# stuck while on her way



## Emilio Ortega

*Horse gets stuck while on her way to a new home..*

Hola alguien me aclara la traducción de esa oración, no entiendo muy bien la parte en rojo.

Mi intento: Caballo queda atrapado mientras se dirige a una // camino a una nueva casa
gracias


----------



## chileno

Emilio Ortega said:


> *Horse gets stuck while on her way to a new home..*
> 
> Hola alguien me aclara la traducción de esa oración, no entiendo muy bien la parte en rojo.
> 
> Mi intento: *La yegua* queda *trabada* mientras se *(la yegua) *dirige a una // camino a una nueva casa
> gracias



Ves la diferencia?


----------



## Emilio Ortega

@chileno  Sí, vi el error. gracias, pero de todos modos tengo la duda central del post (la destacada en rojo)


----------



## bandini

Me suena bien, Emilio.  “While on the way to” se suele traducir como “ Mientras está en camino a...” pero se entendería de las dos formas.


----------



## Emilio Ortega

bandini said:


> Me suena bien, Emilio.  “While on the way to” se suele traducir como “ Mientras está en camino a...” pero se entendería de las dos formas.


Thanks !!


----------



## Emilio Ortega

sería correcto si dijese:
*while the horse was on her way to a new home, she gets stuck // *Mientras la yegua estaba de camino a su nuevo hogar, quedó atrapada.


----------



## chileno

mare= yegua

horse = caballo


----------



## Emilio Ortega

chileno said:


> mare= yegua
> 
> horse = caballo


...
tu mismo me dijiste que era yegua...


----------



## chileno

Entiendo, pero revisa el diccionario y corrobora que lo que te dicen es correcto. No?


----------



## MiguelitOOO

chileno said:


> Entiendo, pero revisa el diccionario y corrobora que lo que te dicen es correcto. No?


¡Plop!


----------



## Emilio Ortega

chileno said:


> Entiendo, pero revisa el diccionario y corrobora que lo que te dicen es correcto. No?


¡Plop!


----------



## chileno

Plop? Really?

Cómo vas a justificar que "caballo" va con "her"???

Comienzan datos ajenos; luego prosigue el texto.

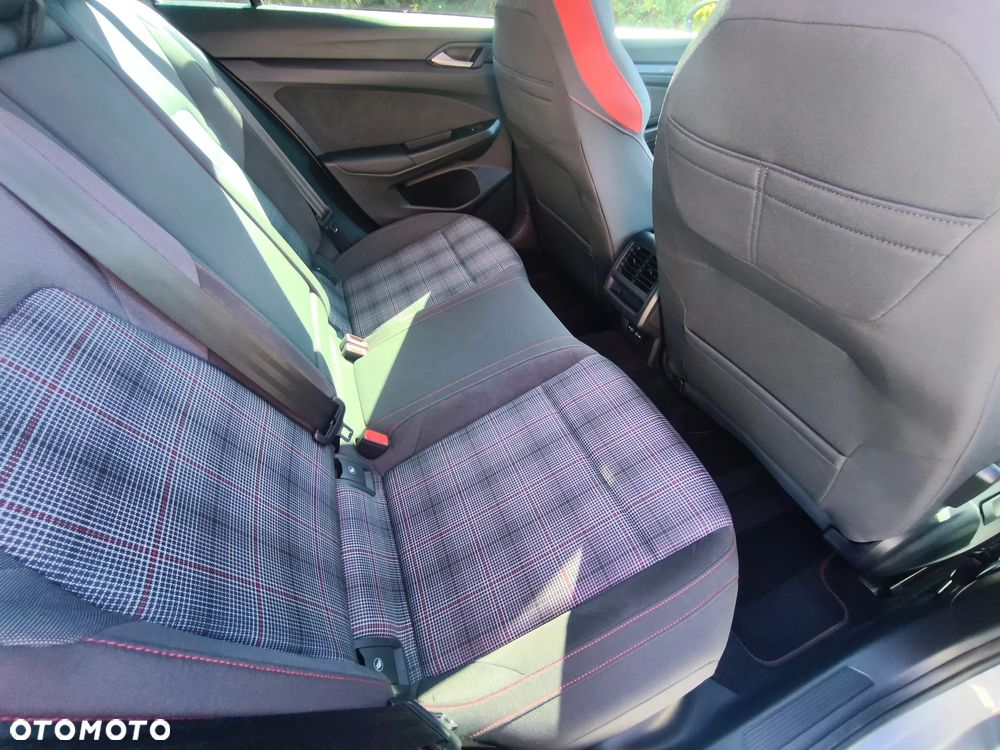 Volkswagen Golf 2.0 TSI OPF GTI - 23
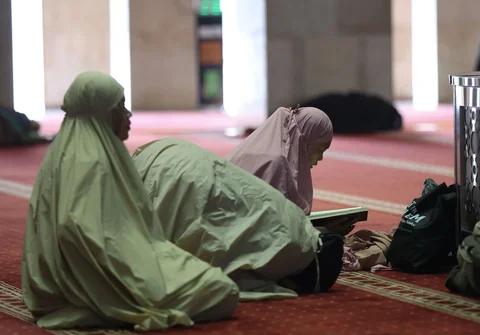 Warga membaca Al Quran saat awal bulan Ramadan di Masjid Istiqlal, Jakarta, Kamis (19/02/2026).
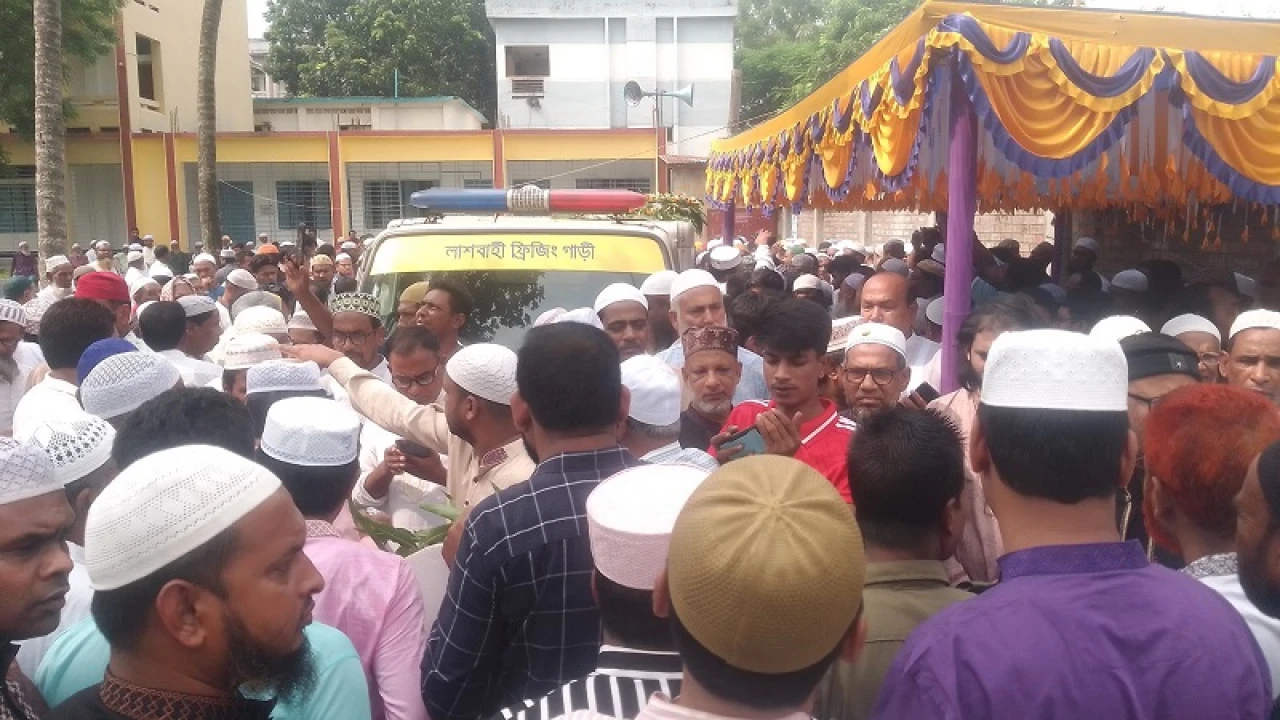 তাড়াশে জানাজা অনুষ্ঠানে মোবাইল চুরির হিড়িক 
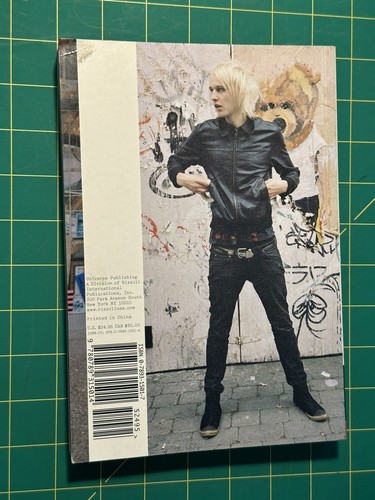 Street - The Nylon Book of Global Style - Picture 3 of 5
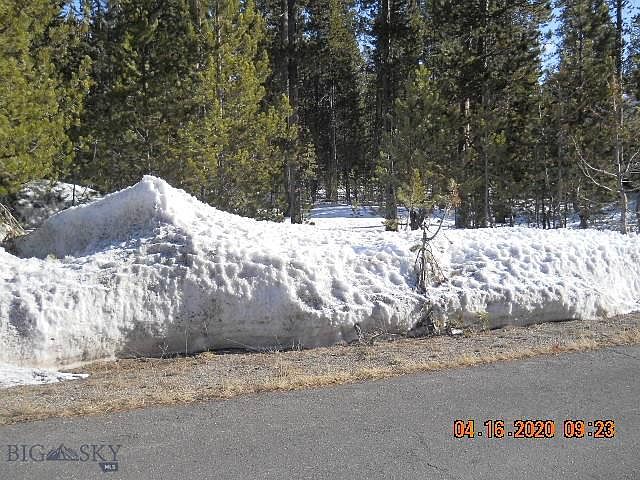 1st image of 521 Campanula Ave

Estamos en tiempos raros, pero creo que no tanto...


----------



## Ciprianus

Obviamente es una caballo montado por una mujer.


----------



## MiguelitOOO

Ciprianus said:


> Obviamente es una caballo montado por una mujer.


----------



## inib

Bueno, yo diría que "obviamente" nada. Falta contexto, como siempre. "Her" puede referirse a la yegua o a la amazona. Tanto "horse" como "rider" (que no se cita, este último) son términos genéricos y pueden referirse a machos y hembras indistintamente. Creo que sí, que es muy posible que el caballo fuera o bien macho o de sexo desconocido e irrelevante, y que "her" se refiere a la que iba montada encima y se dirigía a su nueva casa. (Apostaría por esto). Pero el extracto que tenemos no lo deja nada claro. 
Aunque más improbable, "her" podría referirse a que la yegua iba a ser acogida en una nueva casa
El caso es que el primer intento de traducción de emilio...



> Mi intento: Caballo queda atrapado mientras se dirige a una // camino a una nueva casa
> gracias


...mantiene la ambigüedad del original.


----------



## MiguelitOOO

inib said:


> Bueno, yo diría que "obviamente" nada. Falta contexto, como siempre.

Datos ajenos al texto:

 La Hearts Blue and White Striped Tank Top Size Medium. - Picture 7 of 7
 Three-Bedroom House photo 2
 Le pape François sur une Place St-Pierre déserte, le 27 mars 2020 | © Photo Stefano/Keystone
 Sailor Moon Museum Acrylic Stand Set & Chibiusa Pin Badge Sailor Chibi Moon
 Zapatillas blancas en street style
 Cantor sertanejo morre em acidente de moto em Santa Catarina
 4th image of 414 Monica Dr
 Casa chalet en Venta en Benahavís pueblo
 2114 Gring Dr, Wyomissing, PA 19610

Es que el buen compañero Emilio Ortega no nos quiso dar más contexto. El lo tiene, pero nada más dijo "¡Plop!  Debe ser un secreto de estado. Vamos Emilio, confiesa, ¿tienes más contexto?


----------



## MiguelitOOO

Borra el video Emilio, están prohibidos aquí en Wordreference.
*Sí es una yegua*, porque la chica del video, la dueña del "caballo", dice del pobre animalito atrapado en la ventana: que no le importa si la yegua se cae hacia afuera, que con que ella logre salir todo se arregla: "_I don't care if she falls out, I don't care. If she gets out she's gona be fine"._
El título del video habla de un caballo de forma genérica, sin decir si se trata de un macho o una hembra. La palabra "_horse_" no está mal empleada, simplemente no es muy específica.
Es como decir: "_un león se comió a un turista_", donde el hecho de que se trate en realidad de una leona no tiene ninguna importancia en términos periodísticos.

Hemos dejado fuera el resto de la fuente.